Karol Samuelčík to słowacki gitarzysta, pedagog Wyższej Szkoły Sztuk Scenicznych w Bratysławie. Z kolei w skład Cracow Guitar Quartet wchodzą: Miłosz Mączyński, Joanna Baran-Nosiadek, Łukasz Dobrowolski, Mateusz Puter – artyści związani z Krakowem, pedagodzy, muzykolodzy, a przede wszystkim wybitni kameraliści. Prowadzącym zespół jest Miłosz Mączyński z Akademii Muzycznej w Krakowie.

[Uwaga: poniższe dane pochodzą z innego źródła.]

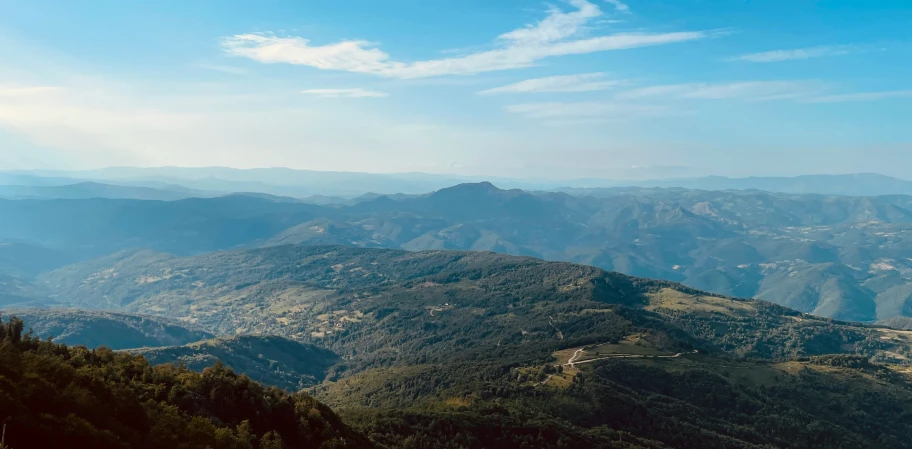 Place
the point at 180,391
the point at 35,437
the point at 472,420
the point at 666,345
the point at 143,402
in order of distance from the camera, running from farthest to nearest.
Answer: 1. the point at 666,345
2. the point at 472,420
3. the point at 180,391
4. the point at 143,402
5. the point at 35,437

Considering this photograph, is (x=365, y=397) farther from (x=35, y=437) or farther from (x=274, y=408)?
(x=35, y=437)

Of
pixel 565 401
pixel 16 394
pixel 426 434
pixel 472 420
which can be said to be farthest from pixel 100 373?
pixel 565 401

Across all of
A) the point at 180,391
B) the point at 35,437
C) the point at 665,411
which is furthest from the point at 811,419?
the point at 35,437

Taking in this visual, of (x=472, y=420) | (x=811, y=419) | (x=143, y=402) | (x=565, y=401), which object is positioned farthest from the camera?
(x=811, y=419)

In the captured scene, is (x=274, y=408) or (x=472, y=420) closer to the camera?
(x=274, y=408)

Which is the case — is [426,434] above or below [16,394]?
below

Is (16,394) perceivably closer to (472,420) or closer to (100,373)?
(100,373)

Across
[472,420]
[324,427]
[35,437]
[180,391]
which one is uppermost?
[35,437] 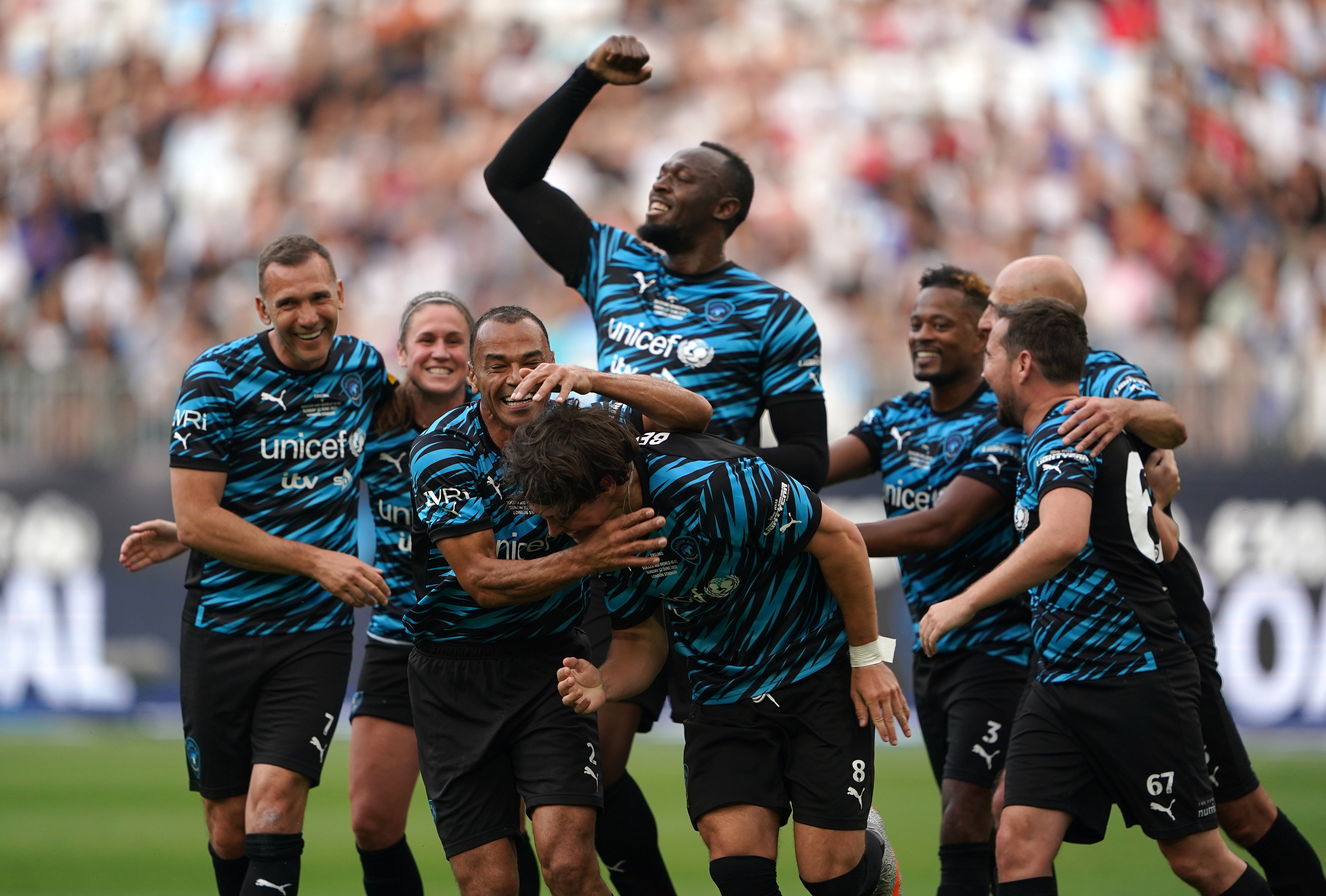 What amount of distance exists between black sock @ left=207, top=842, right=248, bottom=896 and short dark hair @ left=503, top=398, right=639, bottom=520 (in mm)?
2315

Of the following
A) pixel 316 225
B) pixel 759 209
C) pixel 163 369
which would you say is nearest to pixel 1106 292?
pixel 759 209

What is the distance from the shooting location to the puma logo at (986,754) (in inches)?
230

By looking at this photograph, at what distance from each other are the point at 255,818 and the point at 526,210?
252cm

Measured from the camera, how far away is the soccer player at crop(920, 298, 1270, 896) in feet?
15.9

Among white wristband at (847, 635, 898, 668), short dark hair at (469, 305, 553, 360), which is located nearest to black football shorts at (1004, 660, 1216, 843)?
white wristband at (847, 635, 898, 668)

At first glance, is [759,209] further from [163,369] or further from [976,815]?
[976,815]

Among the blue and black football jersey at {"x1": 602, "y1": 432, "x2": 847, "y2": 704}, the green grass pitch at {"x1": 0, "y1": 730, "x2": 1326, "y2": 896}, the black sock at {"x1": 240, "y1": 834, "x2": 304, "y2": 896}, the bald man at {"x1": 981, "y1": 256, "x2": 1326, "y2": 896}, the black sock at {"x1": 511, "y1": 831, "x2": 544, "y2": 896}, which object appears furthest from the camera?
the green grass pitch at {"x1": 0, "y1": 730, "x2": 1326, "y2": 896}

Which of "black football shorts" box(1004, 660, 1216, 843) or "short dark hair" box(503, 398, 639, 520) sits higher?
"short dark hair" box(503, 398, 639, 520)

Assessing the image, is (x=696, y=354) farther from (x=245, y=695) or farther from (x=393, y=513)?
(x=245, y=695)

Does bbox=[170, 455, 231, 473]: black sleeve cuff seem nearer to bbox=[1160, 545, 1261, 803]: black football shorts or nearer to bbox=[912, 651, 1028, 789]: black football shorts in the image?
bbox=[912, 651, 1028, 789]: black football shorts

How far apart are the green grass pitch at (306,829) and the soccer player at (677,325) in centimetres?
172

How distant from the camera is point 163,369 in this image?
53.9 ft

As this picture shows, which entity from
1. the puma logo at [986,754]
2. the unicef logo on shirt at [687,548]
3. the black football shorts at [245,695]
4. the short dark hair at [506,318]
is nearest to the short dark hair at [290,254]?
the short dark hair at [506,318]

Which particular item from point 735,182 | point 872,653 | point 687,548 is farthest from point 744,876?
point 735,182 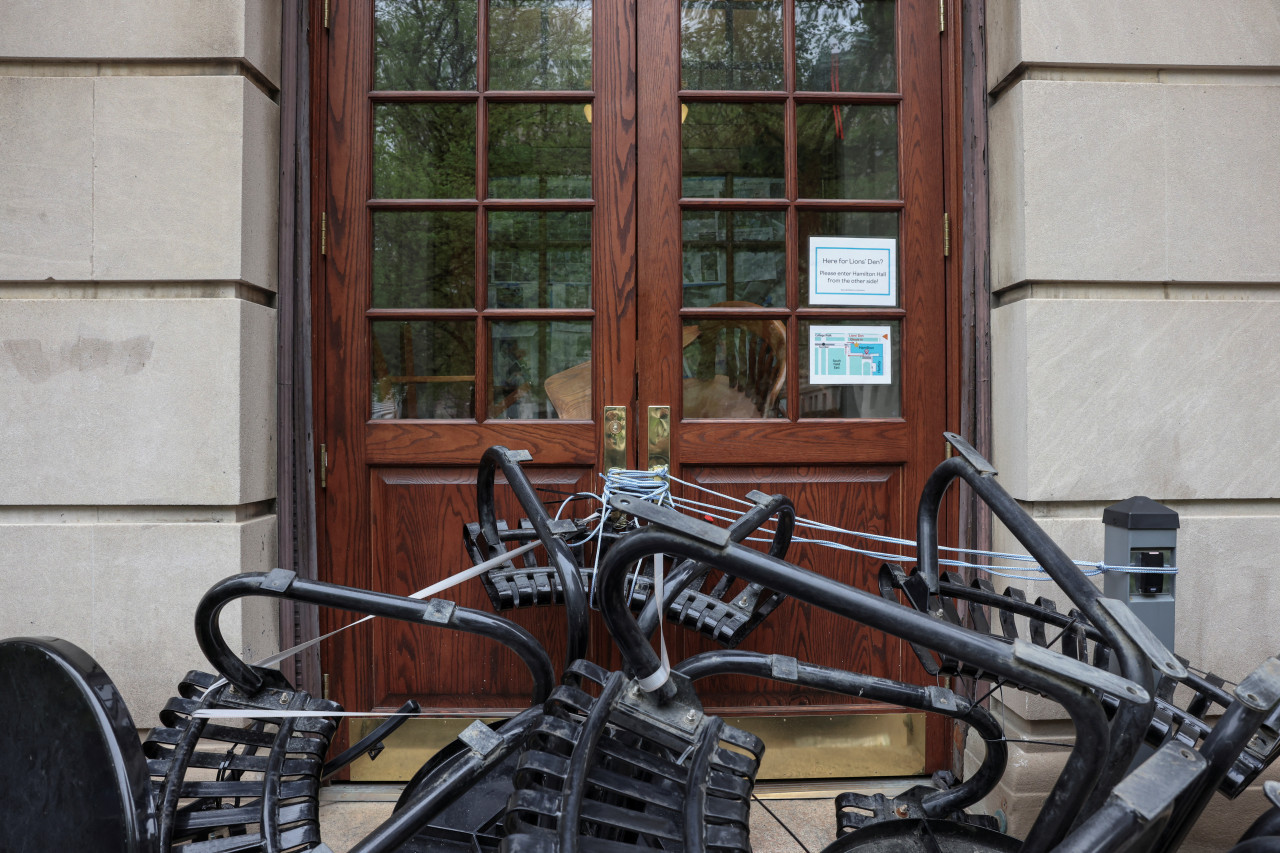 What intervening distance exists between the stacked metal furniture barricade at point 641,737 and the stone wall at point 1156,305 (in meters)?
0.93

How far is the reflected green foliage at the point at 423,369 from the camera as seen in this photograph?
2.72 meters

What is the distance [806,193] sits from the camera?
9.05ft

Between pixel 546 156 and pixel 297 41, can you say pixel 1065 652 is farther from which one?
pixel 297 41

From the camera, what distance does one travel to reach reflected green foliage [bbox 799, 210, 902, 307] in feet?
9.02

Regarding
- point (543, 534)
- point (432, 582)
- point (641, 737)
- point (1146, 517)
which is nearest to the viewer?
point (641, 737)

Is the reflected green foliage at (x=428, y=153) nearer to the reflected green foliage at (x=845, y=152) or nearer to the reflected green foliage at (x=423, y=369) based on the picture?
the reflected green foliage at (x=423, y=369)

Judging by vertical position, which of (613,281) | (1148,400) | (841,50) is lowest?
(1148,400)

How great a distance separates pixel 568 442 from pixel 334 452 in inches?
31.9

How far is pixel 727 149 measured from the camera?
2738 mm

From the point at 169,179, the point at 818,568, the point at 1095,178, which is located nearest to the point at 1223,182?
the point at 1095,178

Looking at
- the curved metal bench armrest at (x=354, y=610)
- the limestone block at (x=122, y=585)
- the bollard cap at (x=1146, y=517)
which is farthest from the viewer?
the limestone block at (x=122, y=585)

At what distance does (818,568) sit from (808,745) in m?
0.62

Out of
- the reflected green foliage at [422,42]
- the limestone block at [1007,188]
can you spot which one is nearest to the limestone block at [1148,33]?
the limestone block at [1007,188]

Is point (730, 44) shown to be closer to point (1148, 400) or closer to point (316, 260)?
point (316, 260) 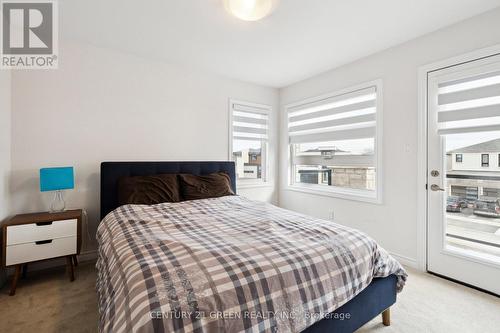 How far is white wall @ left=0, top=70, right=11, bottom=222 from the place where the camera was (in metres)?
2.11

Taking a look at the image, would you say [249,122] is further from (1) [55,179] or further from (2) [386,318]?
(2) [386,318]

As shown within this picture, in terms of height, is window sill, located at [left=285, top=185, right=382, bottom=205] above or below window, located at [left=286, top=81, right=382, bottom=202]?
below

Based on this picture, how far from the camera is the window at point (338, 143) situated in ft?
9.68

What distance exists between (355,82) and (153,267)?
124 inches

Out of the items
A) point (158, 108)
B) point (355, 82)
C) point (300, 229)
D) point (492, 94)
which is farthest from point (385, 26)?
point (158, 108)

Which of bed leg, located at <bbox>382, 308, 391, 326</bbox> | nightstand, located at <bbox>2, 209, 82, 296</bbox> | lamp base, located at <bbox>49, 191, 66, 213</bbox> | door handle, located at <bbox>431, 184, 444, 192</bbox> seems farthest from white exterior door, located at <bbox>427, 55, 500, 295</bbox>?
lamp base, located at <bbox>49, 191, 66, 213</bbox>

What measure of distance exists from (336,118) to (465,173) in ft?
5.25

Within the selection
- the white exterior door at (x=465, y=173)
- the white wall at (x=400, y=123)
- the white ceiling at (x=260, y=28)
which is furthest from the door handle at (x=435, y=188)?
the white ceiling at (x=260, y=28)

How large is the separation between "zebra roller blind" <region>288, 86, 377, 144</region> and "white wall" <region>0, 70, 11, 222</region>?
11.7 ft

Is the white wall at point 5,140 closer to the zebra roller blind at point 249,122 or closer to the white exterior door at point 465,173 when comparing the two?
the zebra roller blind at point 249,122

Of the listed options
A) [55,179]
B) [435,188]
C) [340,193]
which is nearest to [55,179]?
[55,179]

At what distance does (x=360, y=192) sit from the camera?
314cm

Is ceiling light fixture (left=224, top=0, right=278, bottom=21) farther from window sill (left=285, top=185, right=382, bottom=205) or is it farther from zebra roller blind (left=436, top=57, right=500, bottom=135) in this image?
window sill (left=285, top=185, right=382, bottom=205)

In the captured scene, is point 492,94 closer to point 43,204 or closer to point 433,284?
point 433,284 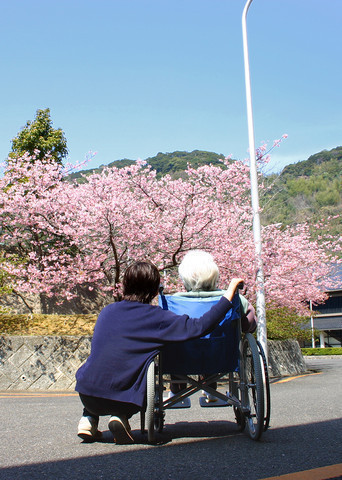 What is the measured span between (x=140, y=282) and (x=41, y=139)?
14.8m

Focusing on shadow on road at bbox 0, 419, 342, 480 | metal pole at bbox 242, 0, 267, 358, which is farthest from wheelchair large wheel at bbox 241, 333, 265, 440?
metal pole at bbox 242, 0, 267, 358

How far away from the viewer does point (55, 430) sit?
144 inches

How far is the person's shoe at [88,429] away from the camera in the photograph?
294 cm

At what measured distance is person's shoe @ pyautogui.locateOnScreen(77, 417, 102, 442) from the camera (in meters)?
2.94

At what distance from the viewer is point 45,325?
10312mm

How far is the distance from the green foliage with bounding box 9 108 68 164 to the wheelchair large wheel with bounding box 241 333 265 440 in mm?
14303

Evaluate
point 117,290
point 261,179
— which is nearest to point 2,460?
point 117,290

Kwartet zaprezentował się fantastycznie, publiczność została oczarowana przez doskonałą współpracę muzyczną, bogate i barwne brzmienie zespołu oraz pełen wachlarz dynamiki, począwszy od niuansów w pianissimo po potężnie brzmiące fortissimo. Zespół wykonał utwory zarówno oryginalnie skomponowane na kwartet gitarowy, jak i udane opracowania muzyki, pierwotnie przeznaczonej na różne składy instrumentalne.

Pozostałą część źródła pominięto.